Social Contract Theory
The social contract is a hypothetical compact, or agreement or actual, between the rules as well as their rulers, defining the rights and duties of each individual or object. In primeval times, according to the theory, individuals were born into an anarchic state of nature, which was happy or unhappy according to their particular version. They then, by exercising natural reason, formed a society (and a government) by means of a contract among themselves. The contract is known as social contract.
History of Social Contract Theory
The concept of the social contract was originally posed by Glaucon, as described by Plato in The Republic, Book II. They say that to do injustice is, by nature, good; to suffer injustice, evil; but that the evil is greater than the good. And so when the men have both done and suffered injustice and have had experience of both, not being able to avoid the one and obtain the other, they think that they had better agree among themselves to have neither; hence there arises laws and mutual covenants; and that which is ordained by law is termed by them lawful and just. This they affirm to be the origin and nature of justice;—it is a mean or compromise, between the best of all, which is to do injustice and be unpunished, and the worst of these, which is to suffer injustice without the power of retaliation; and justice, being at a middle point between the two, is tolerated not as a good, but as the lesser evil, and honored by reason of the inability of men to do injustice. For no man who is worthy to be called a man would ever submit to such an agreement if he were able to resist; he would be mad if he did. Such is the received account, Socrates, of the nature and origin of justice.
The social contract theory also appears in Crito, another dialogue from Plato. Over time, the social contract theory became more widespread after Epicurus (341-270 BC), the first philosopher who saw justice as a social contract, and not as existing in Nature due to divine intervention (see below and also Epicurean ethics), decided to bring the theory to the forefront of his society. As time went on, philosophers of traditional political and social thought, such as Locke, Hobbes, and Rousseau put forward their opinions on social contract, which then caused the topic to become much more mainstream.
Theories of the social contract differed according to their purpose: some were designed to justify the power of the sovereign, while others were intended to safeguard the individual from oppression by a sovereign who was all too powerful.
Modern Social Contract Theory by Thomas Hobbes
Thomas Hobbes (1588-1679)
The English philosopher Thomas Hobbes (1588-1679) is best known for his political thought, and deservedly so.
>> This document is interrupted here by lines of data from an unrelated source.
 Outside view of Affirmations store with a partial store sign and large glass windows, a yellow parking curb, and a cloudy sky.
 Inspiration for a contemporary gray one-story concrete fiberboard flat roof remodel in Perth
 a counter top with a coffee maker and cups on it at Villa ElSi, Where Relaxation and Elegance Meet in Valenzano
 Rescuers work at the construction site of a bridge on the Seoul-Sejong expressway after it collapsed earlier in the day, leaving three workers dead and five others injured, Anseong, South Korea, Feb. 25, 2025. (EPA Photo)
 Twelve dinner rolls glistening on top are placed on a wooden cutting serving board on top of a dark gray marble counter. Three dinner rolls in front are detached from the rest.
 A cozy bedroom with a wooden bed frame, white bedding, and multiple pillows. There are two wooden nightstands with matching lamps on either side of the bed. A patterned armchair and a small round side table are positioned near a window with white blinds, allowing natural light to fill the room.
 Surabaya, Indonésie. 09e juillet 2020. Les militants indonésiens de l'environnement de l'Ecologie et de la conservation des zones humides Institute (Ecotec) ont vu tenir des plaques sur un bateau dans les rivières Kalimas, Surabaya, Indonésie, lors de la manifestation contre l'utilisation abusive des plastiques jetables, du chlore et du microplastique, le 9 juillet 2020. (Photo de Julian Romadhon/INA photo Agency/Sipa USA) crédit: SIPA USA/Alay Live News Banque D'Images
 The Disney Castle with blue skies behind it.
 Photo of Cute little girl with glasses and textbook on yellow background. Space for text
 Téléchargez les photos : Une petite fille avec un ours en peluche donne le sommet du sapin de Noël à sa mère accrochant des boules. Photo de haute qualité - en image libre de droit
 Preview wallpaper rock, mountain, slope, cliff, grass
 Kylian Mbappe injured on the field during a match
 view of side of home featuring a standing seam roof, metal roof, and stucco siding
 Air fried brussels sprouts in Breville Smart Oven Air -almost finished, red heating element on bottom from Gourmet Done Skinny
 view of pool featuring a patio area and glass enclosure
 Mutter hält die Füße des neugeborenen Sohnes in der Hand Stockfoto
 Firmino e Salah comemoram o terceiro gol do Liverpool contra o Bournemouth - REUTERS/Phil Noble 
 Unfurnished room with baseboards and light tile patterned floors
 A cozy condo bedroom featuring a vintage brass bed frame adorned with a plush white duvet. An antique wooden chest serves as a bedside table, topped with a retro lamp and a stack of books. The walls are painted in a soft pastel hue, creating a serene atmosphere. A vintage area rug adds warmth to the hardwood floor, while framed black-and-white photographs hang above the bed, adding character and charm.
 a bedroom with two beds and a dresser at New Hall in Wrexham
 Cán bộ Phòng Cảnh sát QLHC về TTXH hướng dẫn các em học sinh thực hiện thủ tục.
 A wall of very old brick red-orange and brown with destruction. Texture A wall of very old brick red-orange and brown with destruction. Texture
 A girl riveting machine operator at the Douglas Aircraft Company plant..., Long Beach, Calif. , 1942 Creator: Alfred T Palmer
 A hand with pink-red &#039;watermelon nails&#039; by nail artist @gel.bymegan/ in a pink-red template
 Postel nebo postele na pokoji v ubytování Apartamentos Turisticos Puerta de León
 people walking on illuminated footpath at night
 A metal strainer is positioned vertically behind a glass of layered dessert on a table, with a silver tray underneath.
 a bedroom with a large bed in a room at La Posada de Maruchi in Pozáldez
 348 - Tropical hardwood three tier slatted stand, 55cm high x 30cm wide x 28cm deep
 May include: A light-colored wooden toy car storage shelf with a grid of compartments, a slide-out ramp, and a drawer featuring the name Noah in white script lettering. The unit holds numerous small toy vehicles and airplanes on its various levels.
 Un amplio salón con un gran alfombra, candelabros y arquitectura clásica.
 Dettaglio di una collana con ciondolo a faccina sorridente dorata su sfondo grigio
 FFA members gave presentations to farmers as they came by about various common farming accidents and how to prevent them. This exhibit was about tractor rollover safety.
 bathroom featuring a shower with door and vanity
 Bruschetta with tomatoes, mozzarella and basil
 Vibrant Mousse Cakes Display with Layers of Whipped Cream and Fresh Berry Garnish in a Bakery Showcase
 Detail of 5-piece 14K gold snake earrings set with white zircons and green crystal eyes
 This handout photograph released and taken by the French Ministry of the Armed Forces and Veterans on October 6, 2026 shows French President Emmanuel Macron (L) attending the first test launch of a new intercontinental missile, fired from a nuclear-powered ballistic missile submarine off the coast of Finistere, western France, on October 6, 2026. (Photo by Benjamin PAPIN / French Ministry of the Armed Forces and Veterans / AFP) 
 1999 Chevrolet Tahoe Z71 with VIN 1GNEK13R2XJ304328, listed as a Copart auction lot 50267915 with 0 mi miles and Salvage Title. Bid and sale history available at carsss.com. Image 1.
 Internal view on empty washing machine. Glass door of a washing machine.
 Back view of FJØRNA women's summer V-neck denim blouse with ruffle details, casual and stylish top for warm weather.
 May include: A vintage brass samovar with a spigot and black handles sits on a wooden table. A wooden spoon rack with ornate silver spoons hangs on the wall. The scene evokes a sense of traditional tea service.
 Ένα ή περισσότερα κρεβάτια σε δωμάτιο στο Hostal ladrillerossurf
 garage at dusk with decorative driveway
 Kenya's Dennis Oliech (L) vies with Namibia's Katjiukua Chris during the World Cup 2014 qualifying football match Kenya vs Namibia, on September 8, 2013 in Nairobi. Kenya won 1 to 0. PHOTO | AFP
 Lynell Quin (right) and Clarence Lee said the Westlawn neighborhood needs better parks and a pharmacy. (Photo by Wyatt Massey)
His vision of the world is strikingly original and still relevant to contemporary politics.
Hobbes’ political theory is best understood if taken in two parts: his theory of human motivation, Psychological Egoism, and his theory of the social contract, founded on the hypothetical State of the Nature. Hobbes has, first and foremost, a particular theory of human nature, which gives rise to a particular view of morality and politics, as developed in his philosophical masterpiece, Leviathan, published in 1651.
In Hobbes’ view, this mechanistic quality of human psychology implies the subjective nature of normative claims. ‘Love’ and ‘hate’, for instance, are just words we use to describe the things we are drawn to and repelled by, respectively. So, too, the terms ‘good’ and ‘bad’ have no meaning other than to describe our appetites and aversions. Moral terms do not, therefore, describe some objective state of affairs, but are rather reflections of individual tastes and preferences.
In addition to Subjectivism, Hobbes also infers from his mechanistic theory of human nature that humans are necessarily and exclusively self-interested. All men pursue only what they perceive to be in their own individually considered best interests – they respond mechanistically by being drawn to that which they desire and repelled by that to which they are averse. This is a universal claim: it is meant to cover all human actions under all circumstances – in society or out of it, with regard to strangers and friends alike, with regard to small ends and the most generalized of human desires, such as the desire for power and status. In addition to being exclusively self-interested, Hobbes also argues that human beings are reasonable. They have in them the rational capacity to pursue their desires as efficiently and maximally as possible. Their reason does not, given the subjective nature of value, evaluate their given ends, rather it merely acts as “Scouts, and Spies, to range abroad, and find the way to the things Desired” (139).
According to Hobbes, the justification for political obligation is this: given that men are naturally self-interested, yet they are rational, they will choose to submit to the authority of a Sovereign in order to be able to live in a civil society, which is conducive to their own interests. Hobbes argues for this by imagining men in their natural state, or in other words, the State of Nature. In the State of Nature, which is purely hypothetical according to Hobbes, men are naturally and exclusively self-interested, they are more or less equal to one another, (even the strongest man can be killed in his sleep), there are limited resources, and yet there is no power able to force men to cooperate. Given these conditions in the State of Nature, Hobbes concludes that the State of Nature would be unbearably brutal. In the State of Nature, every person is always in fear of losing his life to another.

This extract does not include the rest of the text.